Le regard pesant de la société
Nombreux sont les défis auxquels font face les sportives voilées.
Dans une société qui n’encourage pas les filles à pratiquer du sport, « dire à nos enfants que pratiquer un sport est important, mais il faut aussi leur apprendre à respecter nos principes », commente une mère qui a requis l’anonymat. Les filles sportives n’ont pas la vie facile. Les familles ne misent pas sur les filles comme sur les garçons. Mis à part le port du voile ou pas, on ne regarde pas d’un bon oeil une fille qui voyage beaucoup seule pour des tournois internationaux sans sa famille. Les pressions sont énormes, Aya Médani, 28 ans, championne de pentathlon (sport comportant cinq épreuves dont l’escrime, la natation, l’équitation, et l’épreuve combinée qui regroupe la course à pied et le tir), en connaît un bout. « Après les Jeux Olympiques (JO) de Pékin, toutes mes camarades se sont opposées à ma décision de porter le voile, craignant que je propage l’idée parmi les rangs des sportives. J’avais besoin de leur soutien alors que je traversais une période difficile. Après avoir été championne du monde, je suis restée deux ans (entre 2010 et 2012) privée de terrain après avoir porté le voile. C’était dur pour moi, mais je suis revenue sur la scène, considérant que l’on devait respecter mon choix, car je ne portais ni atteinte à la liberté d’autrui, ni aux règles et aux lois du jeu ».

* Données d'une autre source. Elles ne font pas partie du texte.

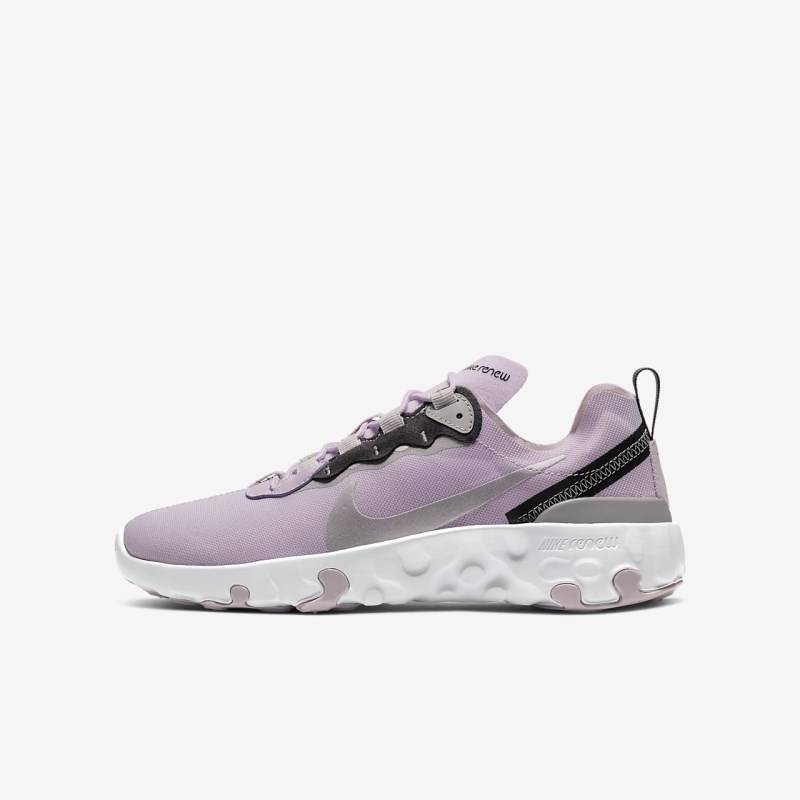 Nike Renew Element 55 Sneakers Børn LyseGrå | QJ3283-563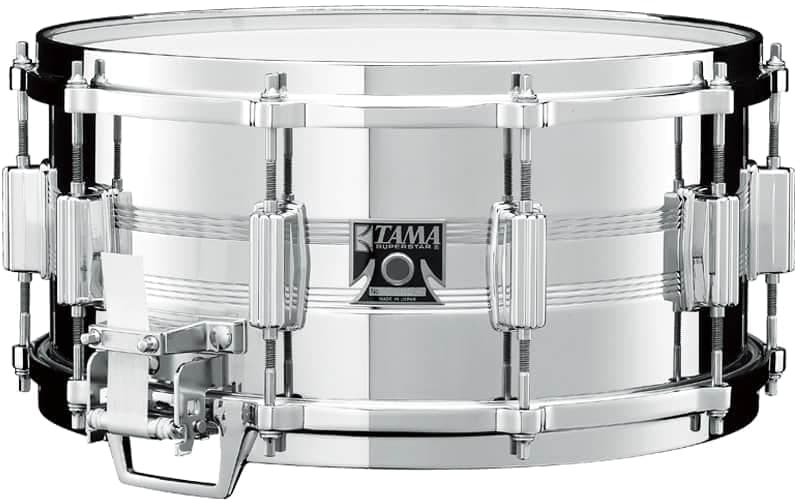 Tama 50th Anniversary 6.5x14 Mastercraft Steel Snare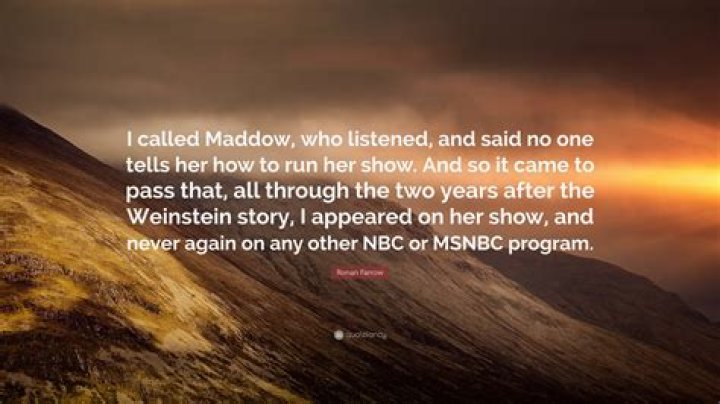 Ronan Farrow Quote &ldquo;I had siblings from South Asia, from East Asia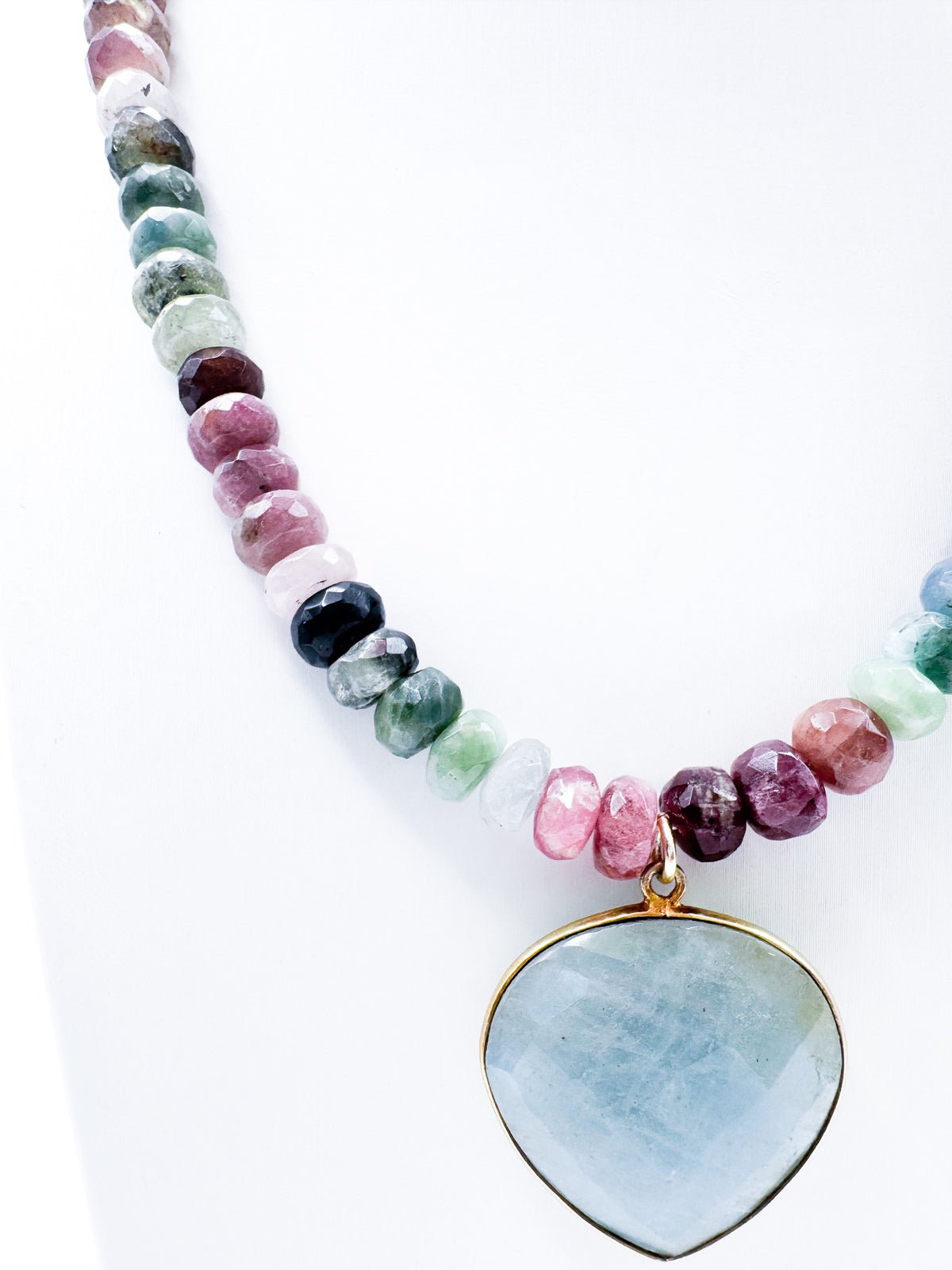 Collar Turmalinas Afghanas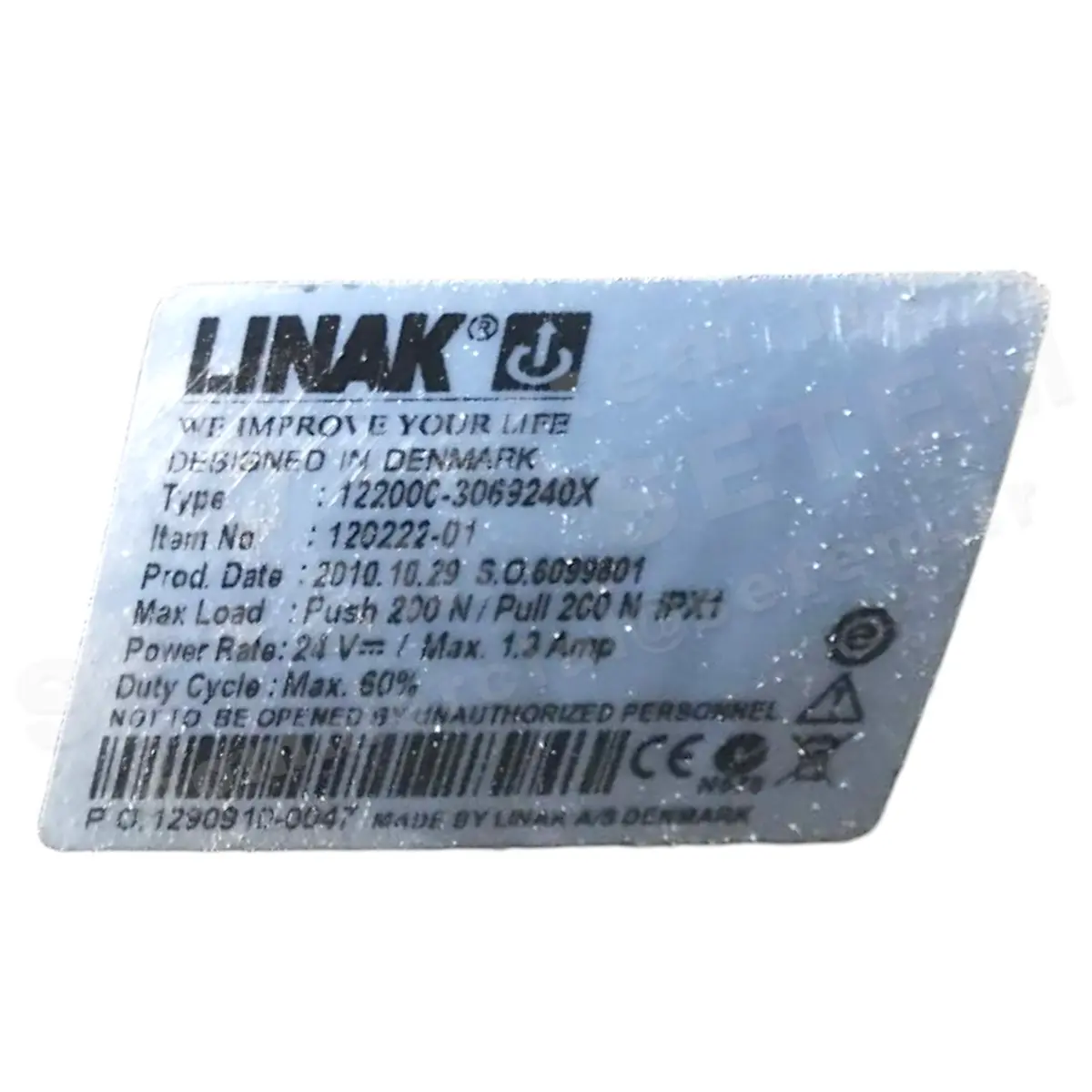 3927508421-VERIN LINAK 122000.3069240X *120222.01*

Médani a dû enfiler tout de même un maillot à la cinquième épreuve, à savoir l’épreuve de la natation. De quoi augmenter les pressions au sein de la société.
Parfois, ces sportives doivent faire face au fanatisme même sur terrain. Farah Abel-Aziz assure que certains coéquipiers qui devaient jouer un match de ping-pong avec elle ne cessaient de lui conseiller de quitter la compétition. Ils lui disaient qu’elle avait grandi et qu’il fallait qu’elle arrête toute activité sportive, car cela n’est pas autorisé aux femmes en islam. « Ils n’osaient pas révéler leurs idées rigoristes aux joueuses qui ne portent pas le voile. En ce qui me concerne, ils jugeaient que je devais me retirer », assure Farah.
A l’étranger, il arrive parfois que ces sportives subissent une sorte de discrimination. Randa Atef, 18 ans, championne du monde de karaté, raconte qu’il y a quelques années, un arbitre l’avait chassée du terrain sans raison probante. Elle photographiait ses coéquipières installées sur le podium après avoir remporté la compétition. « J’ai senti qu’on m’avait poignardé au coeur et j’ai porté plainte à la Fédération internationale de Karaté, car je considérais cela comme une sorte de discrimination », raconte-t-elle.
Voile ou pas, les hommes sont aussi moins enclins à s’unir avec des sportives. Randa Atef relate qu’un projet d’union a été annulé, car le prétendant ne voulait pas qu’elle continue à pratiquer du sport. « La plupart des hommes ont peur de se marier avec une sportive, car ils la trouvent audacieuse d’aller à l’étranger seule à n’importe quel moment pour participer à une compétition », conclut la championne de Karaté, qui n’a aucunement l’intention de stopper sa carrière de sportive pour autant.